# Lizards > Rhacodactylus Geckos >  Gargoyle Gecko Cage Size

## ballin

Can one adult gargy live in an 12 long by 12 wide by 18 high?

----------


## mlededee

Yes, but just one. Any more and you will need to go bigger.

----------


## ballin

okay, thanks. what temperature should they be kept at during the day and at night?

----------


## ballin

> Yes, but just one. Any more and you will need to go bigger.


Okay, thanks. What temperature should they be kept at during the day and at night?

----------


## Mettle

I would definitely have to disagree. A 12x12x18 enclosure is too small for an adult gargoyle gecko. You need at least an 18x18x18 in my opinion. (I assume we're talking about Exo Terra and Zoomed Terrariums here.) Gargoyle geckos get quite large, easily over 50 grams. 

Average room temps are fine for gargoyle geckos. You can provide a basking spot for them if you want (some gargs will use it unlike cresties) but make sure it's a low wattage bulb. A 15w aquarium incandescent bulb would likely be more than enough.

Cheers.

----------


## mlededee

Some people do like to give their rhacs more space and that's fine. An adult will pretty much use as much space as you will give it. The only time you need to be concerned about the size of the enclosure being too big is for hatchlings and younger juvies--they do need something smaller so that they do not have trouble finding food. So for instance, I would not start a hatchling in an enclosure that large--start with a kritter keeper or something similar and move it up into a large enclosure when it is big enough for it. 

Temps should be between about 68-78 degrees, but at the lower temperatures they do tend to eat less and be less active.

----------


## Mettle

> Some people do like to give their rhacs more space and that's fine. An adult will pretty much use as much space as you will give it.
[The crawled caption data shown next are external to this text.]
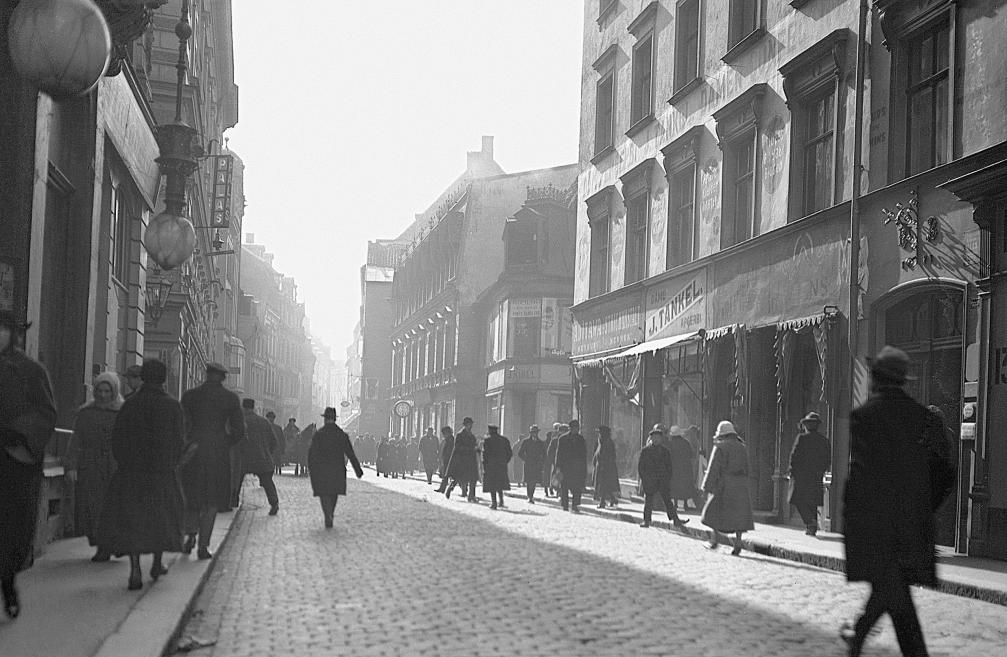 A black-and-white photograph of a busy Riga street in the 1920s: pedestrians in dark coats and hats walk along a cobblestone road, with shop signs and multi-storey buildings lining both sides, softened by morning haze in the distance.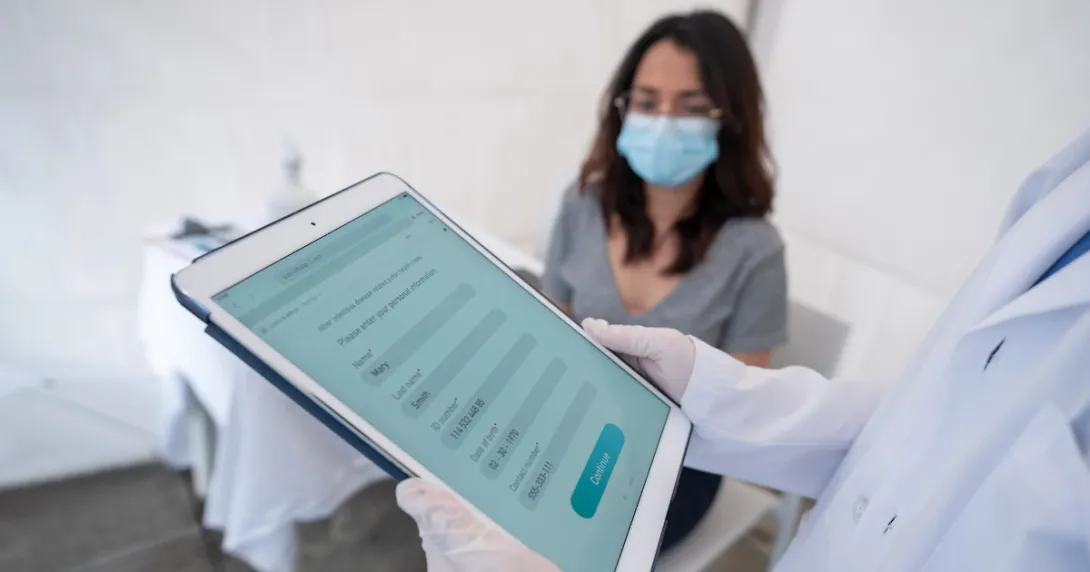 Person being registered for a COVID-19 vaccine at an immunization stand with a tablet computer.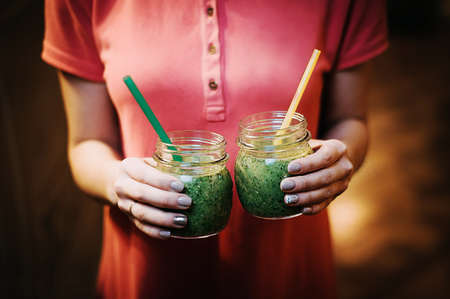 Two green cocktails in hands.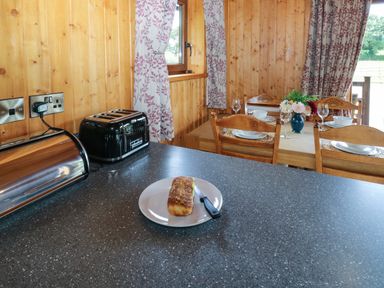 A kitchen countertop with a loaf of bread and knife next to a black toaster and a wooden dining table with chairs and place settings at Barn Shelley Lodge in Copplestone near Crediton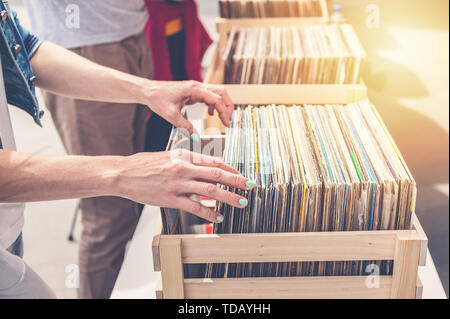 Femme choisissant vinyl records en vente. Les mains de femmes élégantes dans le cadre. Banque D'Images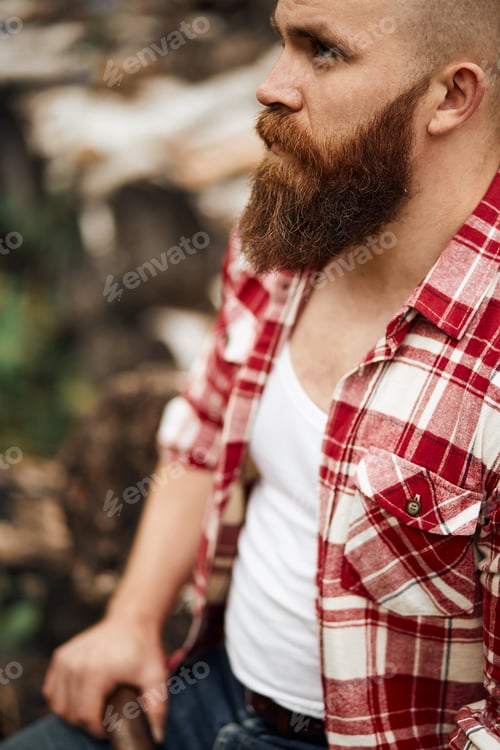 Preview: man hipster with beard on serious face cloth shirt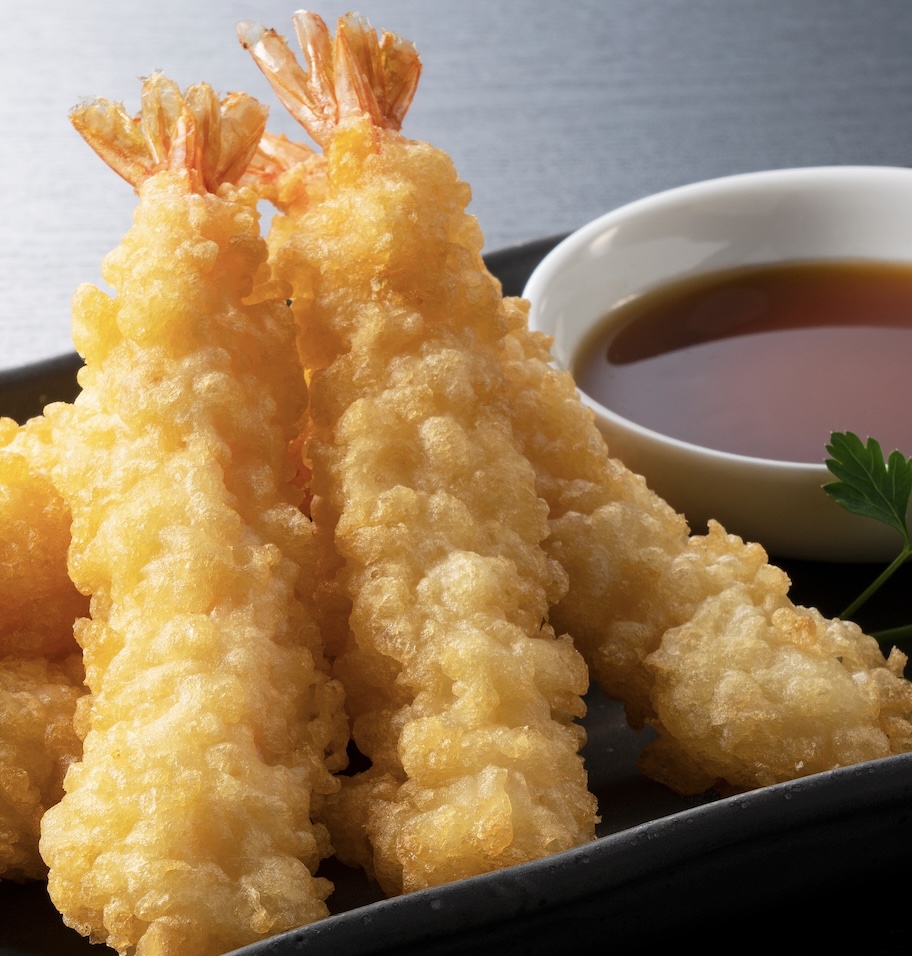 Light, crispy battered shrimp fried until golden. Delicate crunch with a simple dipping sauce. The sauce is light and savory dipping with soy, dashi, and mirin. Clean, umami-rich, and perfect for crispy tempura.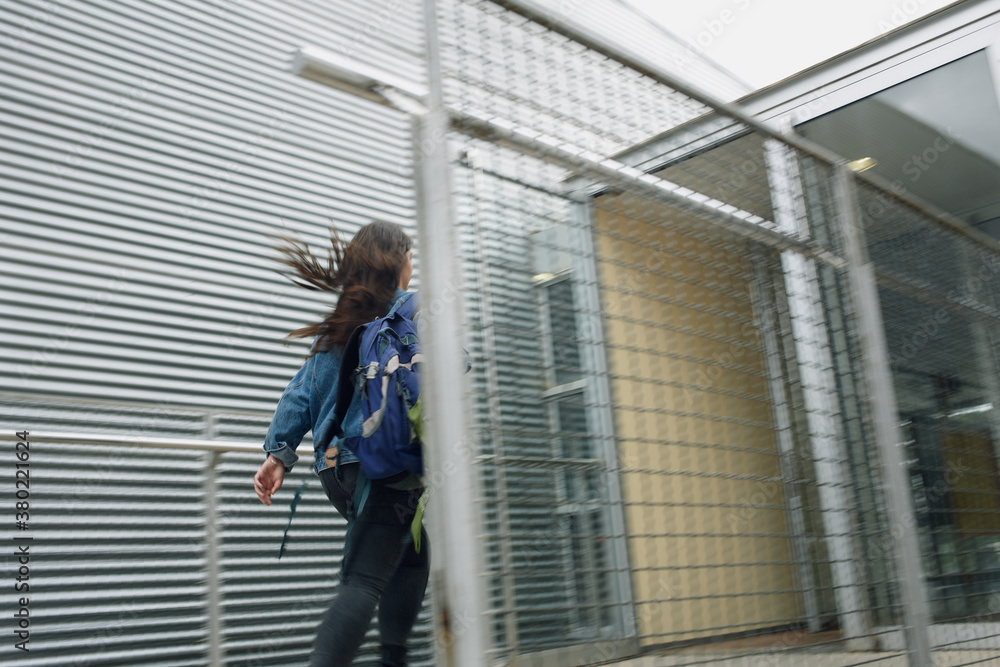 Girl running into the school entrance Girl running into the school entrance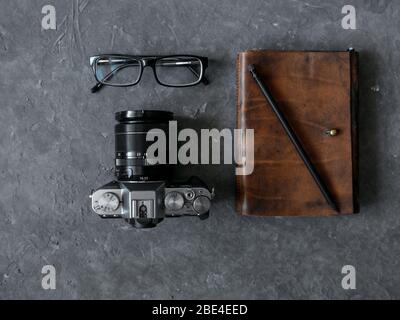 Brillen, braunes Leder Notizblock und Kamera auf grauem Betongrund Stockfoto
I'm sorry, but this information/advice/characterization is pretty horrible... It's like saying you can keep your ball python in a tub that's half the size it should be or that we can lock our dogs in the bathrooms all day. Most rhac keepers I know - unless they are commercially breeding - tend to offer their adult gargs a lot more than a measily little 12x12x18. There's a big difference between survival and thriving though. So I guess if you only want it to survive, then sure, cramp it up in a 12x12x18. If you want it to thrive then put it in something larger.

I put baby cresteds, in pairs, in 12x12x12s and never have had issues with them finding their food. And I know someone that got a fairly small gargoyle gecko back at an expo in February and put him straight into a 12x12x18 without issue as well. A lot of people tend to baby their rhacs a lot more than they should be... I know a couple breeders that have large set-ups (around 60 gals in one case) naturally planted and with water features and they grow out their babies in that without losing any.

----------


## Zoe

> Some people do like to give their rhacs more space and that's fine. An adult will pretty much use as much space as you will give it. The only time you need to be concerned about the size of the enclosure being too big is for hatchlings and younger juvies--they do need something smaller so that they do not have trouble finding food. So for instance, I would not start a hatchling in an enclosure that large--start with a kritter keeper or something similar and move it up into a large enclosure when it is big enough for it.


Hi,

I am sorry but that simply is not true.  Have you seen a healthy adult gargoyle gecko? 12 x 12 x 18 is *not* suitable for an adult gargoyle gecko.  If you want to cram a garg in there, it will probably survive, but it's hardly adequate space. Yes- they will use as much space as you give them, but that does not mean that you can put them into a cage as small as you want and they will be healthy.  There is a certain minimum space for an adult garg and that is 18 x 18 x 18 - if you want go bigger, by all means, but do not go smaller.  I have a juvi that is about 25-30% of his adult weight in a 12 x 12 x 18, and he'll be ready for an upgrade in a couple months.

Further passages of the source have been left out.